### Instructions for the task
Repeat the data exactly. Pictures stay out.

### Data provided
________
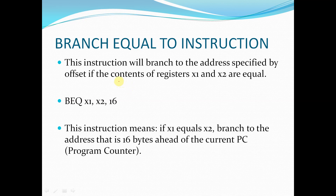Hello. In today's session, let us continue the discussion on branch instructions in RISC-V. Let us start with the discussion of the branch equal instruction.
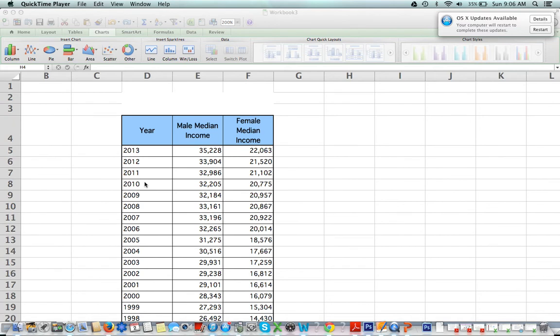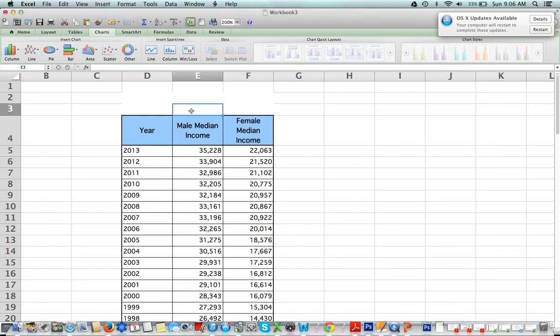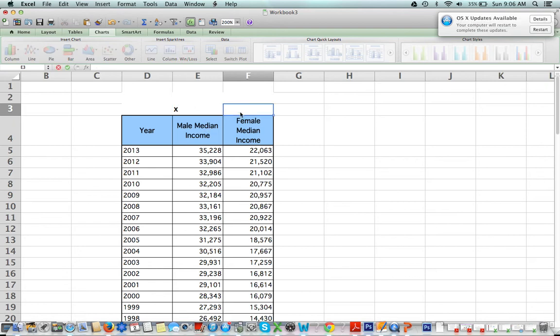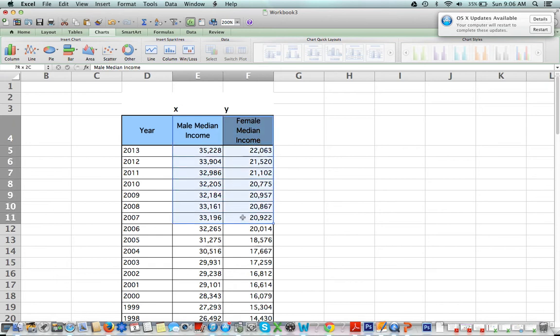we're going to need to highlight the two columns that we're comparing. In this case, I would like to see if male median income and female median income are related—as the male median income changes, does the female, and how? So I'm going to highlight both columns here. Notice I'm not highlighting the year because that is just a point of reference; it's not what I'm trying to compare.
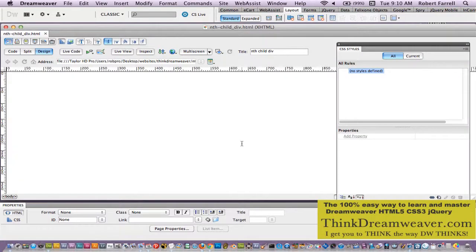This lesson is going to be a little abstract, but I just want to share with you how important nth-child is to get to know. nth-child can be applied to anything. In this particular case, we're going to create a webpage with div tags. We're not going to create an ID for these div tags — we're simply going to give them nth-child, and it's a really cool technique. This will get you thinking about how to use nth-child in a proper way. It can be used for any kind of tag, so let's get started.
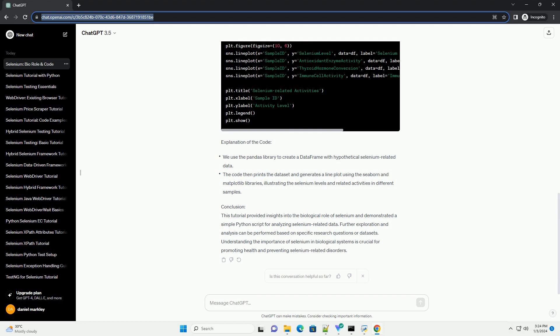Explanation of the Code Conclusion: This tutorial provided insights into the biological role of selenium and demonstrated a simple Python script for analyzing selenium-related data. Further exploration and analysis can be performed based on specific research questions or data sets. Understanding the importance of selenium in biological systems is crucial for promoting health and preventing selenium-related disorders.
________
### Exercise result
Hello. In today's session, let us continue the discussion on branch instructions in RISC-V. Let us start with the discussion of the branch equal instruction.
we're going to need to highlight the two columns that we're comparing. In this case, I would like to see if male median income and female median income are related—as the male median income changes, does the female, and how? So I'm going to highlight both columns here. Notice I'm not highlighting the year because that is just a point of reference; it's not what I'm trying to compare.
This lesson is going to be a little abstract, but I just want to share with you how important nth-child is to get to know. nth-child can be applied to anything. In this particular case, we're going to create a webpage with div tags. We're not going to create an ID for these div tags — we're simply going to give them nth-child, and it's a really cool technique. This will get you thinking about how to use nth-child in a proper way. It can be used for any kind of tag, so let's get started.
Explanation of the Code Conclusion: This tutorial provided insights into the biological role of selenium and demonstrated a simple Python script for analyzing selenium-related data. Further exploration and analysis can be performed based on specific research questions or data sets. Understanding the importance of selenium in biological systems is crucial for promoting health and preventing selenium-related disorders.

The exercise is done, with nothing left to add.